» **Available data**:

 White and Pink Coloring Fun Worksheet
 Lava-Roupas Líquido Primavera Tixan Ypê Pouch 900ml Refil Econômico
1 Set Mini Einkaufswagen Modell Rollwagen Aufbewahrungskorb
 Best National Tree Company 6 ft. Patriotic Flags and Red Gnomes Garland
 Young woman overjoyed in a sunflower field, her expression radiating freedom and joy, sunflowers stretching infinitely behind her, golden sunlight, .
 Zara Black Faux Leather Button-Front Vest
...
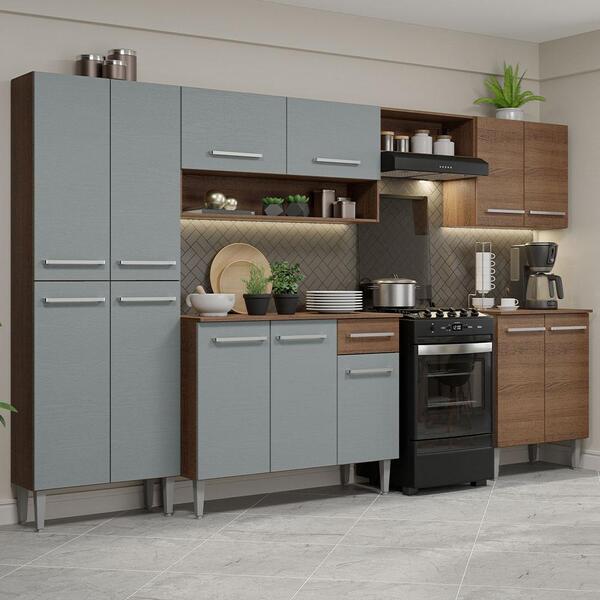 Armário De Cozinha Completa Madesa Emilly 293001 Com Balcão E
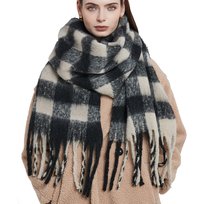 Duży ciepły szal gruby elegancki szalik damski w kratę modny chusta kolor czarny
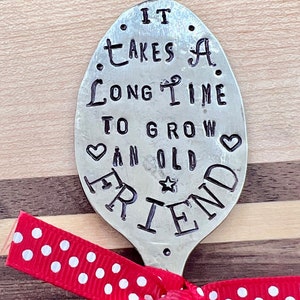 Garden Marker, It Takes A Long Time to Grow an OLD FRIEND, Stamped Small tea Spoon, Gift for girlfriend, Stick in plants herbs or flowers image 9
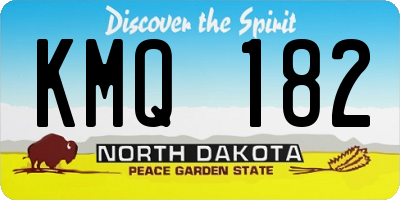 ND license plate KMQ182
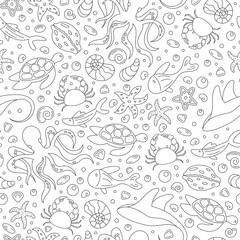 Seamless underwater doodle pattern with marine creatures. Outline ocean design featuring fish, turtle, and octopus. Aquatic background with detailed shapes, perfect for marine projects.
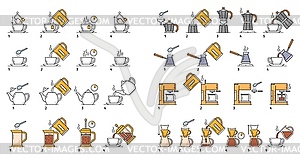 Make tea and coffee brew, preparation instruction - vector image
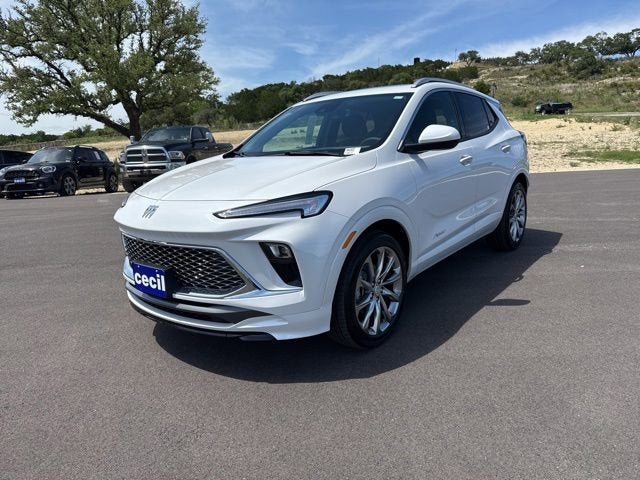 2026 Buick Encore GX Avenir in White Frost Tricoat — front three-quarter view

» **Problem statement**: What are the lines above, starting at the one with "Best National Tree" and ending at the one with "Zara Black Faux Leather Button-Front Vest"? Give them again exactly, and only them.

» **Response to the task**:
 Best National Tree Company 6 ft. Patriotic Flags and Red Gnomes Garland
 Young woman overjoyed in a sunflower field, her expression radiating freedom and joy, sunflowers stretching infinitely behind her, golden sunlight, .
 Zara Black Faux Leather Button-Front Vest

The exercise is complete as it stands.